There different types of datasets generally we can state as an inner join, outer join, left join, right join. For merging of datasets generally full outer join is preferred because this will merge the data and keep data which is common to both datasets along with data which is unique to both datasets.
Q20) What is the difference between ordered and unordered categorical variables?
The ordered categorical variable will have some kind of ordering or hierarchy in their set, like high salary low salary, months of years, etc., but unordered categorical variable don’t have a notion of high or low ex: colors, types of loans, etc.,
Q21) Which one is preferred to describe the characteristics of a group or population, mean or median? and why ?
Median is always preferred over the mean to describe the characteristics of a population because mean takes quantity aggregates it, and says how it looks if it is evenly distributed and also mean always affected by outliers hence it will not describe the exact characteristics.
Q22) Correlation or covariance? which one cleanly describes the relationship between two variables ?
Correlation measures both the strength and direction of the relationship between two variables, whereas covariance indicates only the direction of the relationship between two variables so it is always preferred to use correlation.
Q23) What is the conditional probability or Dependent event ?
The event which is affected by previous events or the events that are already happened.
If there are ‘n’ people in a group then how many a. total number of handshakes b. unique handshakes are possible
1. a – n(n-1) 2. b – n(n-1)/2
Q24) Give me some examples of events where the binomial distribution is applicable
- Tossing a coin ‘n’ number of times
- Asking n number of people who are randomly selected if they are older than 30 years.

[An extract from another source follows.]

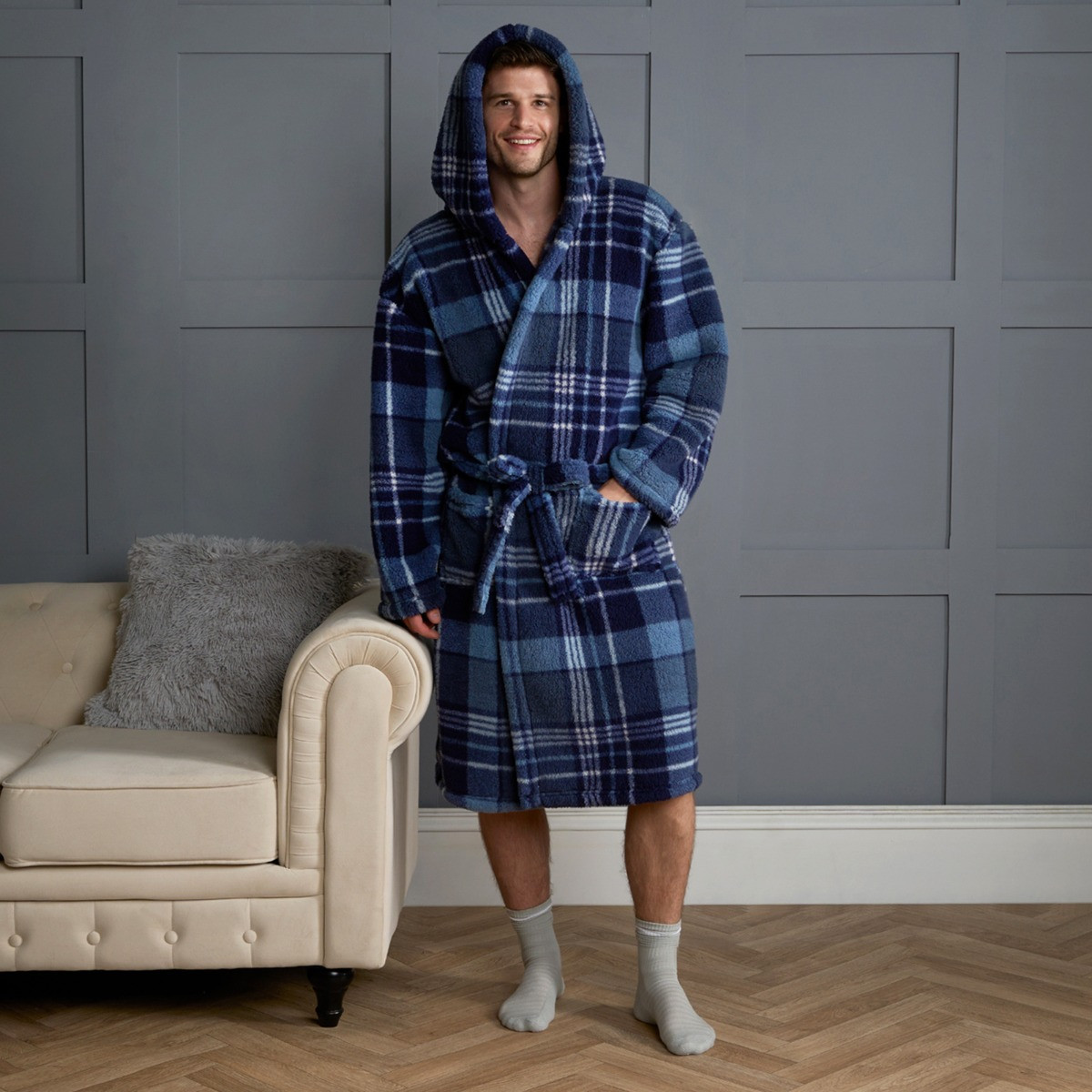 OHS Tartan Check Print Teddy Dressing Gown, Adults - Navy>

- Drawing 3 red balls from a bag, putting them back after drawing it.
Q25) Is failure to reject null hypothesis is same as accepting null hypothesis ?
NO both are not same, if there are not sufficient evidence to support the alternate hypothesis it means we fail to reject the null hypo but it doesn’t mean that we accepted the null hypothesis.

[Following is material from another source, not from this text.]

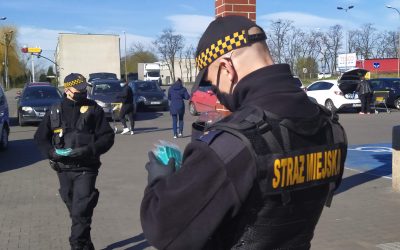 Rozdajemy maseczki seniorom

Q26) How can you differentiate supervised and unsupervised ML in terms of output ?
Forgiven dataset, if we already know how the correct output will look like then it will be a supervised ML, but in case of unsupervised ML we don’t have any idea how output will come.
Q27) What is RSS in regression ?
RSS stands for Residual Sum of Squares it is the sum of the squares of the variance of the data points.
Q28) How the r2 score describes the strength of the ML model ?
R2 score mainly gives you or tells you how perfectly the line fits for the given set of data, forex if the r2 score is 0.73 it means that we can explain or cover 73% of the variance present in the given set of data.